7.8 KiB
7.8 KiB
Incident Report: [Incident Title]
Date: YYYY-MM-DD Time Started: HH:MM UTC Time Resolved: HH:MM UTC (or "Ongoing") Duration: X hours Y minutes Severity: SEV1 / SEV2 / SEV3 Status: Investigating / Mitigating / Resolved
Summary
Brief one-paragraph description of what happened, impact, and current status.
Example:
On 2025-10-26 at 14:00 UTC, the API service became unavailable due to database connection pool exhaustion. All users were unable to access the application. The issue was resolved at 14:30 UTC by restarting the database and fixing a connection leak in the payment service.
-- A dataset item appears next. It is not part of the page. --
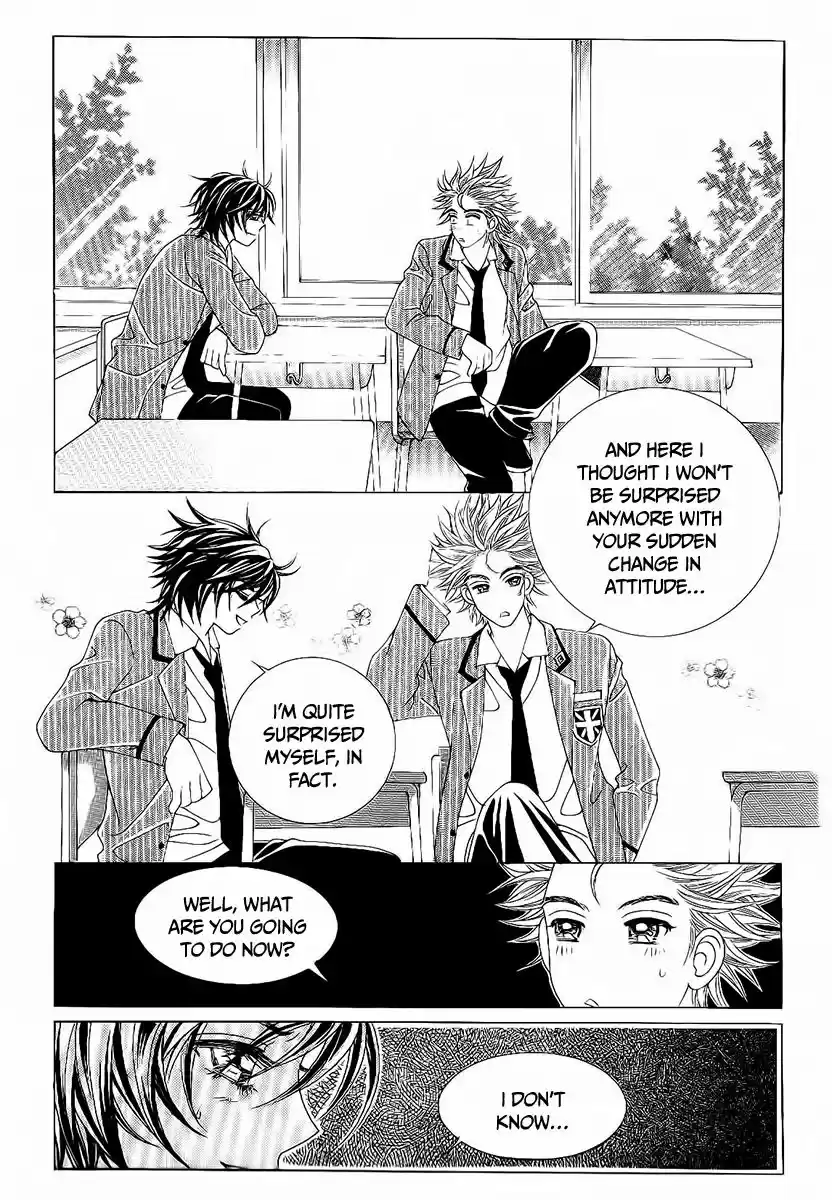 Boy of the Female Wolf 89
Total downtime: 30 minutes.
Impact
Users Affected
- Scope: All users / Partial / Specific region / Specific feature
- Count: X,XXX users (or percentage)
- Duration: HH:MM (how long were they affected)
Services Affected
- Frontend/UI
- Backend API
- Database
- Payment processing
- Authentication
- [Other service]
Business Impact
- Revenue Lost: $X,XXX (if calculable)
- SLA Breach: Yes / No (if applicable)
- Customer Complaints: X tickets/emails
- Reputation: Social media mentions, press coverage
Timeline
Detailed chronological timeline of events with timestamps.
| Time (UTC) | Event | Action Taken | By Whom |
|---|---|---|---|
| 14:00 | First alert: "Database connection pool exhausted" | Alert triggered | Monitoring |
| 14:02 | On-call engineer paged | Acknowledged alert | SRE (Jane) |
| 14:05 | Confirmed database connections at max (100/100) | Checked pg_stat_activity | SRE (Jane) |
| 14:10 | Identified connection leak in payment service | Reviewed application logs | SRE (Jane) |
| 14:15 | Restarted payment service | systemctl restart payment | SRE (Jane) |
| 14:20 | Database connections normalized (20/100) | Monitored connections | SRE (Jane) |
| 14:25 | Health checks passing | Verified /health endpoint | SRE (Jane) |
| 14:30 | Incident resolved | Declared incident resolved | SRE (Jane) |
Root Cause
What broke: Payment service had connection leak (connections not released after query)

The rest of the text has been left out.